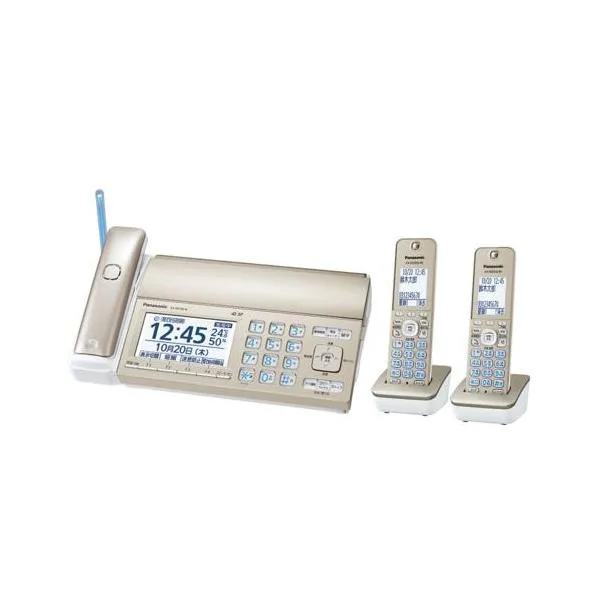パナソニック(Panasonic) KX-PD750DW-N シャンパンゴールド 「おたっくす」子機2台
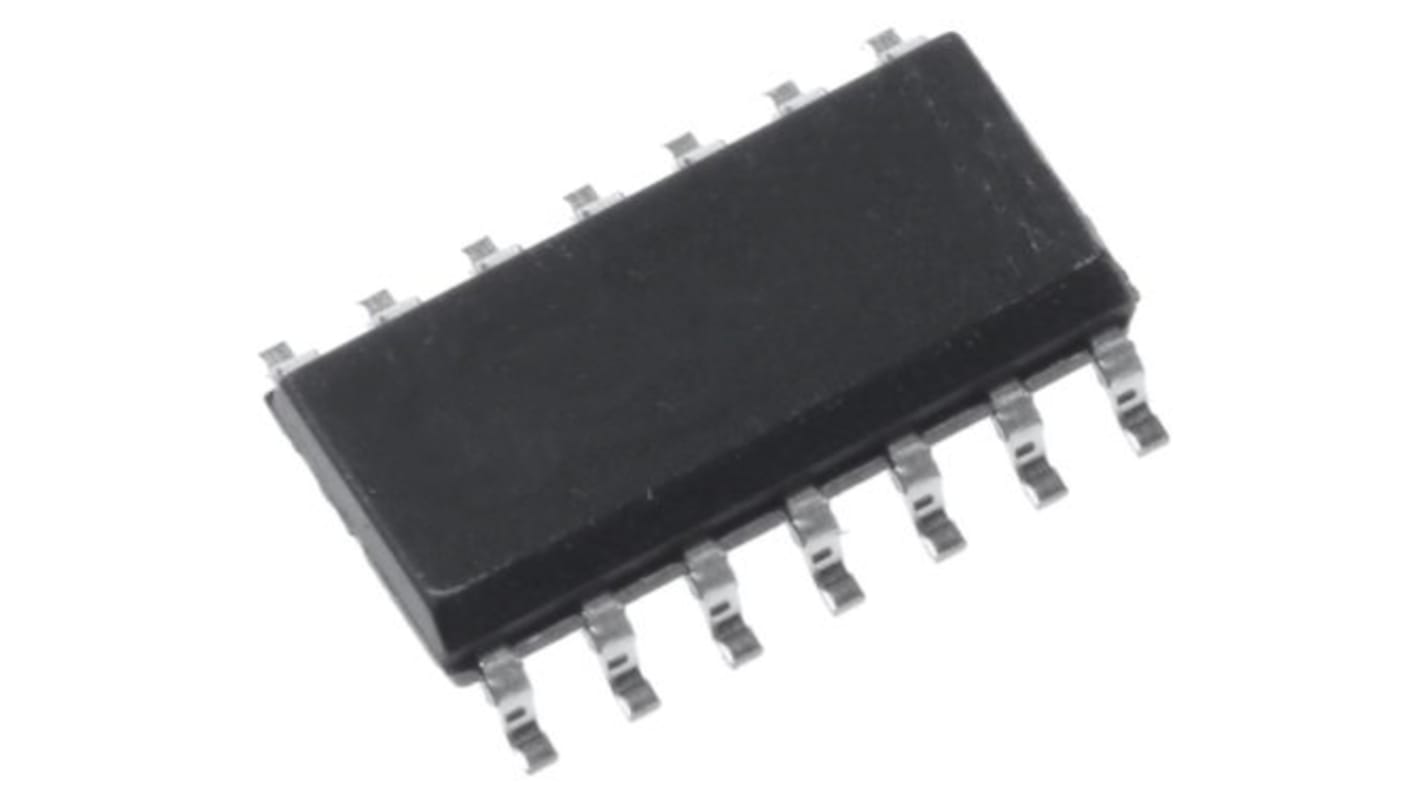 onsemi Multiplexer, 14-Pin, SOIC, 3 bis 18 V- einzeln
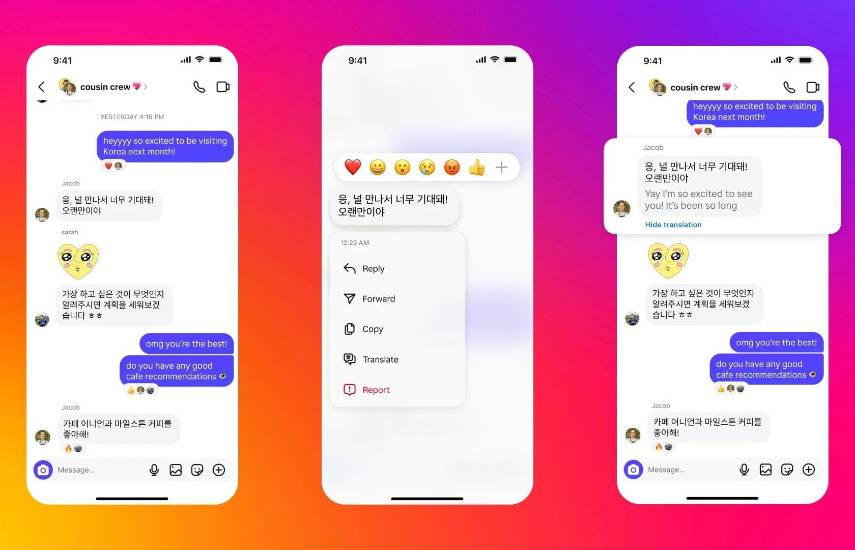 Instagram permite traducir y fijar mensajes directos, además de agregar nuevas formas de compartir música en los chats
----
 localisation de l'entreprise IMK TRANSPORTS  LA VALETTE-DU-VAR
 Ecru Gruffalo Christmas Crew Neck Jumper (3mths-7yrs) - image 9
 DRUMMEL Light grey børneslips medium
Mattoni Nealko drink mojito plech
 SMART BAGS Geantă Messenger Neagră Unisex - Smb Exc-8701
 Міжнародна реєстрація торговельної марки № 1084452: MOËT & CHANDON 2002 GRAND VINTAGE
----
## Work instruction
Pictures do not belong in the answer. Return the lines above starting at the one with "パナソニック(Panasonic) KX-PD750DW-N シャンパンゴールド" and ending at the one with "Instagram permite traducir", both kept, exactly.

## Answer to this problem
パナソニック(Panasonic) KX-PD750DW-N シャンパンゴールド 「おたっくす」子機2台
 onsemi Multiplexer, 14-Pin, SOIC, 3 bis 18 V- einzeln
 Instagram permite traducir y fijar mensajes directos, además de agregar nuevas formas de compartir música en los chats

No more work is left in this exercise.